ACTIVITY: Retrieve every line of the data holding the word "White".

SUPPLIED DATA:
━━━━━━━━━━
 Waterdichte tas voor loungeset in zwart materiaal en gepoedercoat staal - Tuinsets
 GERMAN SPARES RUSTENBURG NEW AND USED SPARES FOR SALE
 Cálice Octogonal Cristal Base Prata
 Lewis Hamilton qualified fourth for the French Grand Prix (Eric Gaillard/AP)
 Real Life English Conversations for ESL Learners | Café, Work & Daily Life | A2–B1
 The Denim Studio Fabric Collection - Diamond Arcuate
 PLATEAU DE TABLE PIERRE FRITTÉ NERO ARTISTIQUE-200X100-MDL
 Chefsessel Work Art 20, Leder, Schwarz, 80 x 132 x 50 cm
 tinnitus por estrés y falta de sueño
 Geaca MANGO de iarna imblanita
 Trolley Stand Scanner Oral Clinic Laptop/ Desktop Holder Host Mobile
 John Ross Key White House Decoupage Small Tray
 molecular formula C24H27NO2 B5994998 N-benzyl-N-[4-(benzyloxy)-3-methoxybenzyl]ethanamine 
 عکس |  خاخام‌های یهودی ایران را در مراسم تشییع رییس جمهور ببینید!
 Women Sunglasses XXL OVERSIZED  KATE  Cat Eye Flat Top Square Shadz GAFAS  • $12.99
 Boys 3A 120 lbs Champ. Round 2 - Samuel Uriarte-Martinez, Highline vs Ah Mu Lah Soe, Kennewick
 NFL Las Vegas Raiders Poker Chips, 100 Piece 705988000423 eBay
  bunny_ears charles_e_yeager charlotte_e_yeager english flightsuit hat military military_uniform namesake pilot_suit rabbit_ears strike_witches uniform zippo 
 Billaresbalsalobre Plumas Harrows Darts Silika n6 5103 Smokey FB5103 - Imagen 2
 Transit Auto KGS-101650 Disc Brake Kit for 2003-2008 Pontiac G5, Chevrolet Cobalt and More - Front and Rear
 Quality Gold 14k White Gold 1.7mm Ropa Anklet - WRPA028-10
━━━━━━━━━━
TASK RESULT:
 John Ross Key White House Decoupage Small Tray
 Quality Gold 14k White Gold 1.7mm Ropa Anklet - WRPA028-10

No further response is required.